Information supplied below:

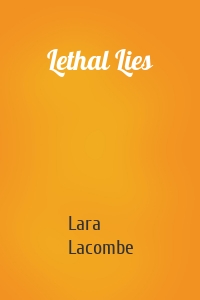 Lethal Lies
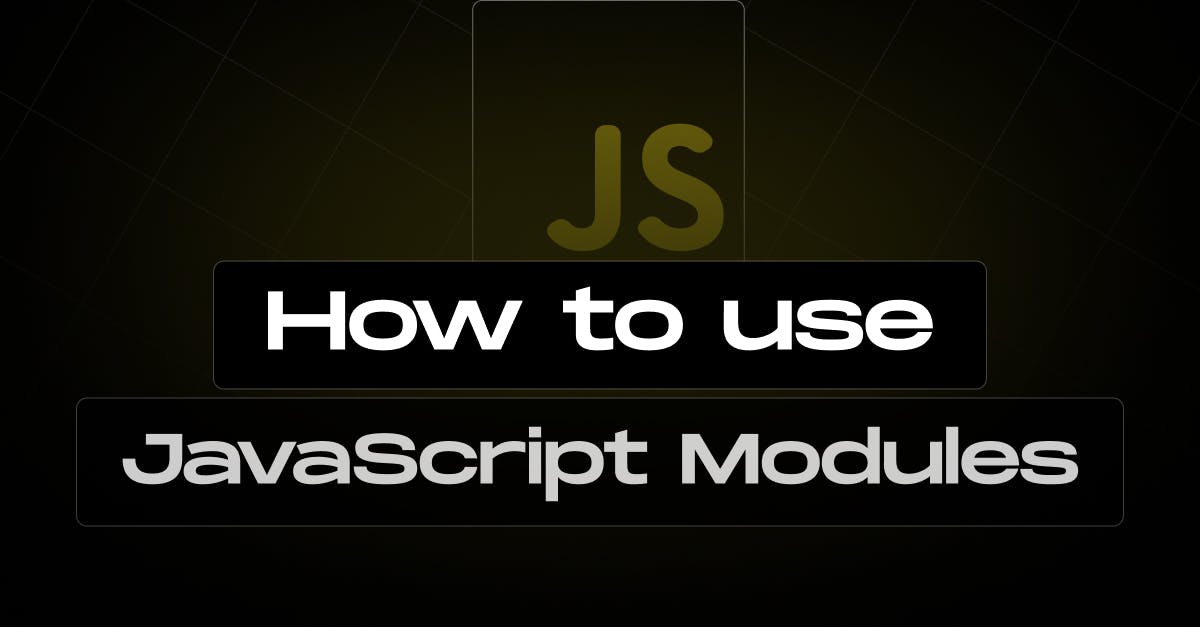 How to use JavaScript Modules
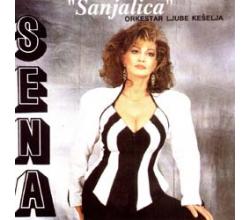 SENA ORDAGIC & Orkestar Ljube Keselja - Sanjalica (CD)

End of Information supplied.

_Work required_
The whole listing above must be duplicated word for word, apart from its pictures.

_Solved problem_
 Lethal Lies
 How to use JavaScript Modules
 SENA ORDAGIC & Orkestar Ljube Keselja - Sanjalica (CD)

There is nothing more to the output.